• Supplied information:
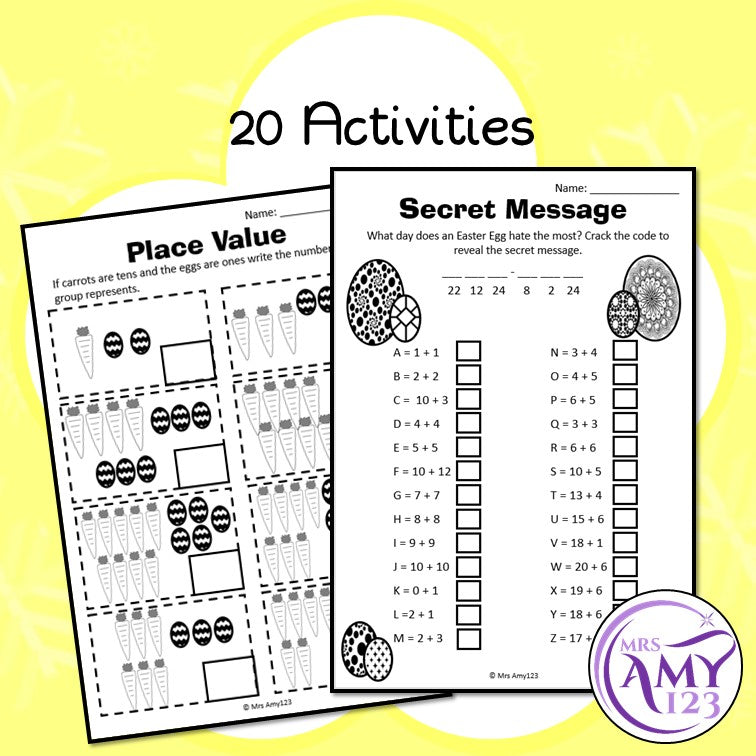 Year 1 Easter Maths Sheets - Australian Curriculum Aligned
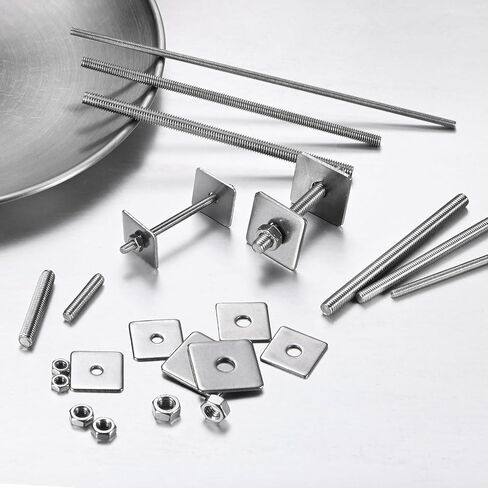 5-Set Fully Threaded Rod, M3x190mm 304 Stainless Steel Right Hand Thread Bar Studs with Nuts and Washers for Furniture Anchor Bolts/Clamps/U-Bolts, Metric Threaded Screw in Saudi Arabia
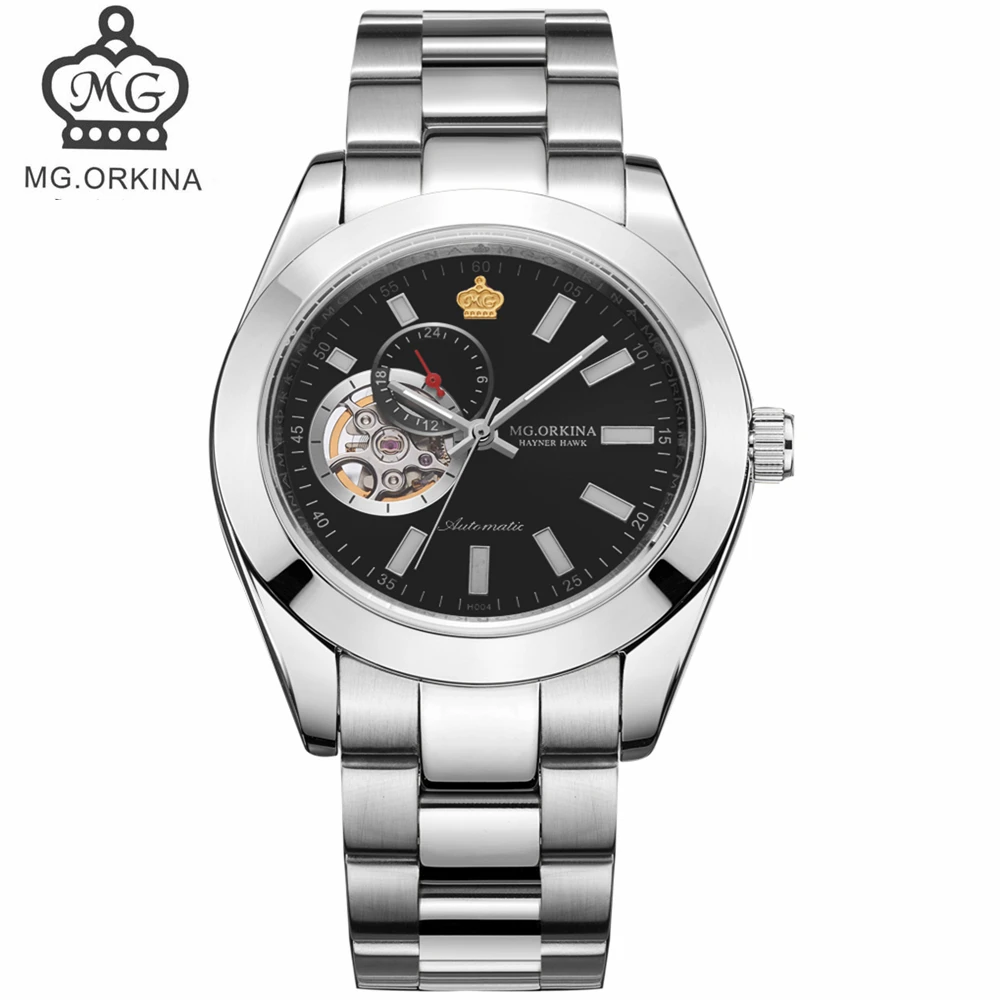 Мужские часы ORKINA скелетоны из нержавеющей стали синего цвета|watch storage case display box|clock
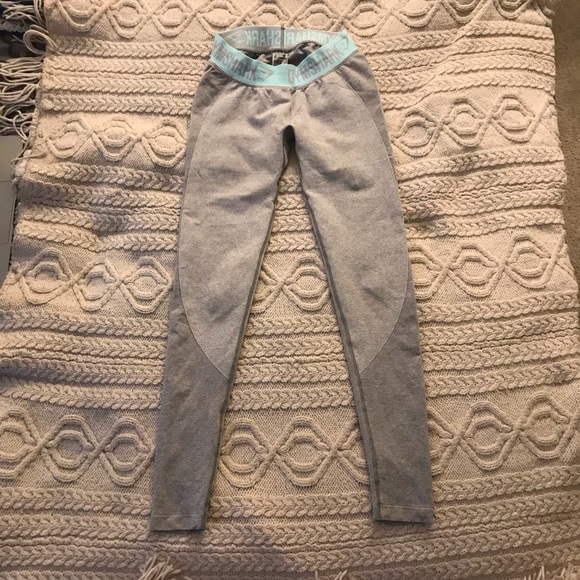 gymshark flex leggings light grey marl/turquoise - Picture 3 of 4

• What is required: Your answer must be an exact copy of the lines from the one with "Мужские часы ORKINA" through the final line of the data, both included, without any pictures.

• Result of this exercise:
 Мужские часы ORKINA скелетоны из нержавеющей стали синего цвета|watch storage case display box|clock
 gymshark flex leggings light grey marl/turquoise - Picture 3 of 4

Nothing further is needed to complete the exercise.